Hall of Famer JOE TORRE
Bud Selig’s career in baseball demonstrates the power of persistence. From the highest levels of our great game, he has always remained a loyal fan first. Bud’s insights on a life in our National Pastime are unlike any other.
Tony La Russa
Entertaining and important, For the Good of the Game is filled with details and up-close insights into the business, the competition, and the innovation challenges and successes of Major League Baseball, offering a depth of understanding that fans rarely get.
Tim Kurkjian
I’ve never met an owner, or a commissioner, who loves the game, and cares for it, more than Bud Selig. In this book he reveals how he modernized baseball’s economics and repaired the game when steroids threatened it, with fascinating details and admirable perspective.”
NPR
Charming, informative and even entertaining. Selig’s book is about the best memoir you can hope to read from a powerful professional sports insider. Much of that is due to the deep love and respect that Selig carries for the game of baseball.
Bob Costas
This in-the-trenches memoir provides us with Bud’s full take on the controversies, regrets, and many significant achievements that marked the tenure of one of sports most consequential commissioners.”
Washington Post
Selig’s testimony is a necessary addition to baseball history.
Washington Post
Selig’s testimony is a necessary addition to baseball history.
Kirkus Reviews
2019-05-22
A former commissioner of baseball rehearses his years and achievements in the game.

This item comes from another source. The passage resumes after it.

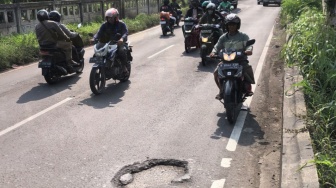 Bahaya! Potret Jalan Berlubang dan Rusak di Jalur Mudik Lebaran Lintas Kalimalang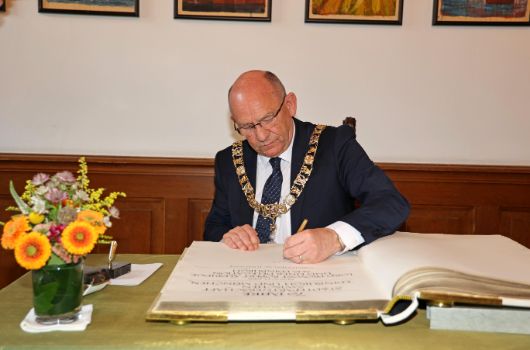 Lord Provost Robert Aldridge, Oberbürgermeister von Edinburgh, trägt sich in das Goldene Buch ein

After a foreword by Doris Kearns Goodwin, Selig begins with a difficult year for him and baseball—2007, a year dominated by Barry Bonds' chase for the all-time home run record and steroid scandals—before settling in to a fairly conventional chronological (and sometimes clichéd) summary of his experiences as a fan, owner (Milwaukee Brewers), and commissioner, the job that earned him a Baseball Hall of Fame induction in 2017. Although the author focuses almost entirely on his baseball life, he briefly discusses his marriage, his daughter's management of the Brewers, and his friendships, especially with Hank Aaron, whose record Bonds broke, and George W. Bush. Selig provides a fairly extensive account of 9/11, how baseball contributed to public healing, and how then-President Bush was, in the author's view, a hero. He also includes a tribute to the late Sen. John McCain, whom he greatly admired (he offers no comment about Donald Trump, who has publicly denigrated McCain). Baseball fans will appreciate Selig's coverage of the key issues that arose during his tenure, including the introduction of the "wild card" teams, the Pete Rose gambling case (Selig believes Rose's banishment from baseball remains just), the rise of the players' union, the destructive battle about steroids and other drugs, the notion of revenue-sharing among the teams (a concept borrowed from the NFL and its former commissioner Pete Rozelle, whom Selig praises extensively), the financial resurgence of baseball, and the spread of the game around the world. Selig does not express a lot of modesty or offer much in the way of confessions of failure, human or professional; in all, he maintained "clear eyes, an open mind, and a willingness to make personal sacrifices for the good of the game."
A broken-bat blooper that falls for a double.